China launches Turkish satelliteDecember 18, 2012 in Astronomy & Space / Space Exploration
China early Wednesday "successfully" launched a Turkish earth observation satellite into orbit aboard a Chinese rocket, according to state media, hailed in Turkey as a "historic moment".
A statement from the Jiuquan Satellite Launch Center in northwest China's Gobi Desert said the satellite was launched at 12:13 am (1613 GMT Tuesday) and was delivered into its predetermined orbit by a Long March 2D rocket, the official Xinhua news agency reported.
The satellite, jointly developed by Turkey's Space Technologies Research Institute and Turkish Aerospace Industries, will mainly be used for environmental protection, mineral resource exploration, urban planning and disaster monitoring and management, the statement said.
In Ankara, Turkish Prime Minister Recep Tayyip Erdogan watched the launch live from giant screens along with hundreds of Turks. "It is a historic moment for our nation," he said following the launch.
"In the past we did send satellites to space but Gokturk-2 has proven that we are now a country with a claim in this field.
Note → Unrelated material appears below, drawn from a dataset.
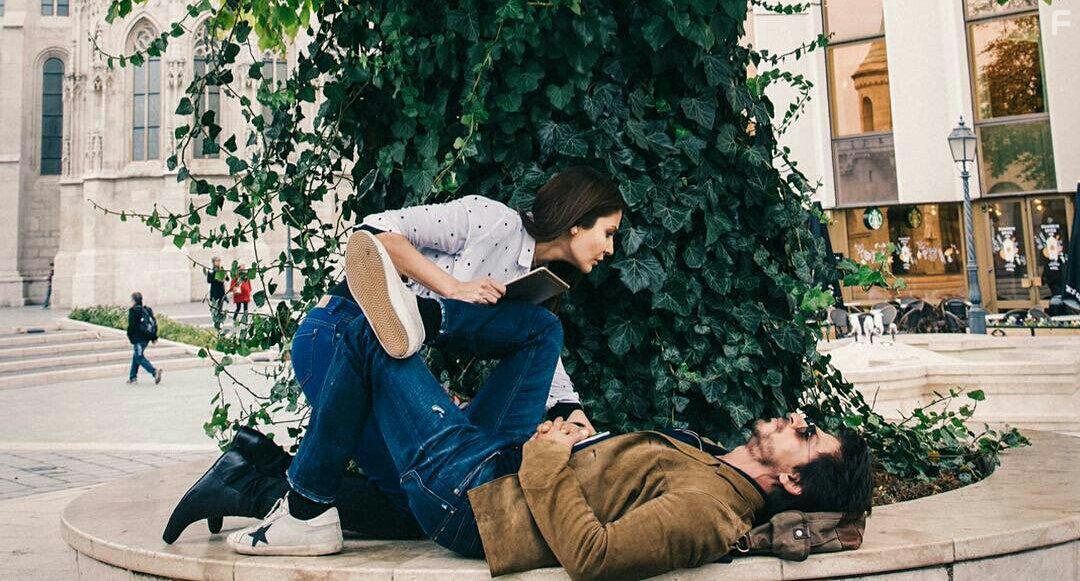 Shah Rukh Khan and Anushka Sharma Kohli in Jab Harry met Sejal (2017)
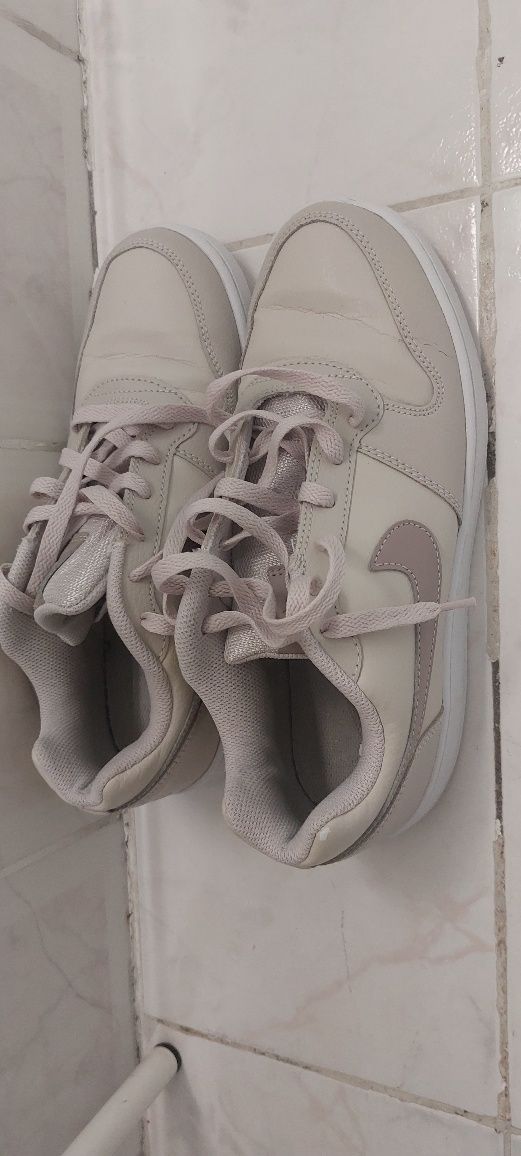 Tenis Nike Tamanho 40.5 Usado em bom estado Entrego Alfragide e Benfic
We are rising to position ourselves as one of the 25 countries which are capable of producing their own satellites."
He said Turkey, as the next step, would aim to become one of the few countries with its own launch pad.
China views satellite launches as part of its ambitious space programme. The country sent its first female astronaut, Liu Yang, into space earlier this year on the Shenzhou-9 in China's first manual space docking mission.